The mother and father were divorced in 2002 in Elmore County. The mother was granted custody of the parties’ minor child and the father was granted visitation. The mother subsequently moved to Mississippi and the father moved to Mobile in 2006. In 2010, the mother filed in the Mobile Circuit Court a motion seeking to suspend the father’s visitation, requesting supervised visitation and psychological counseling for the father and child. The father filed a response and did not object to venue. The father subsequently filed in the Elmore Circuit Court a motion to modify custody and seeking to hold the mother in contempt for not following the visitation schedule.

The mother filed a motion in the Elmore Circuit Court to dismiss the father’s proceeding on the ground that venue was not proper because she had commenced a post-divorce proceeding in Elmore County. The court denied the mother’s motion. She petitioned the Court of Civil Appeals for a writ of mandamus. That court held that because the mother had not resided in Alabama for three consecutive years, Ala. Code 1975, § 30-3-5, dictated that the proper venue was the Elmore Circuit Court, the original court entering the divorce decree.

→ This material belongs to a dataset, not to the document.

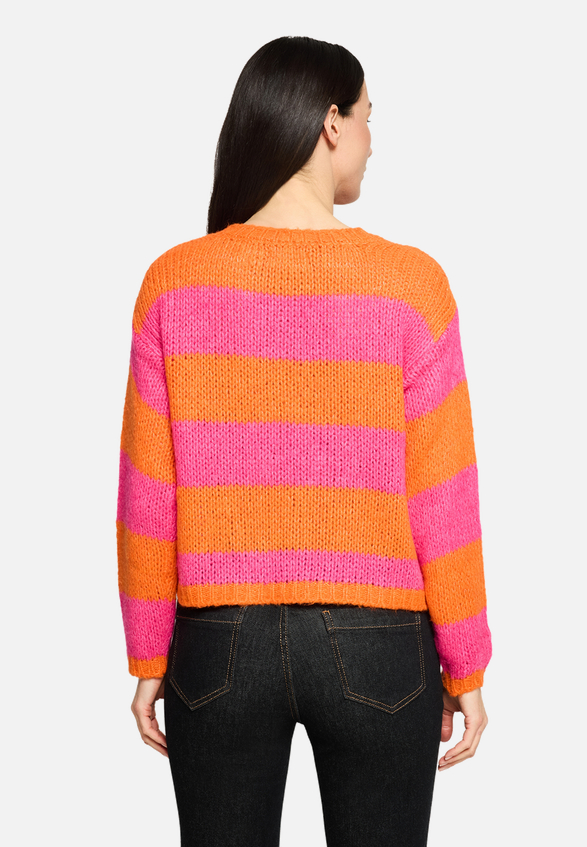 Strickpullover mit Rundhalsausschnitt / Modellfoto Rückseite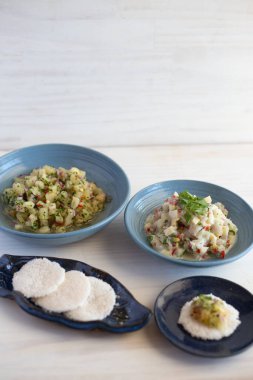Mavi ve beyaz arkaplanda Tapioca ile Ceviche.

The Court also held that Ala. Code 1975, § 6-5-440, did not bar the father’s proceeding, because doing so would allow one party to race to the courthouse and file a post-divorce proceeding in an improper venue. The Supreme Court reversed the judgment of the Court of Civil Appeals and remanded the cause for that Court to further consider § 6-5-440. On remand, the Court of Civil Appeals concluded that the mother had waived the affirmative defense set out in § 6-5-440 before the trial court denied her motions. The Supreme Court denied the mother’s petition for certiorari and the Elmore Circuit Court ordered reinstatement of the father’s visitation, held the mother in contempt, and imposed a five-day jail sentence. The mother appealed. The mother petitioned the Supreme Court for a writ of certiorari. Reversed.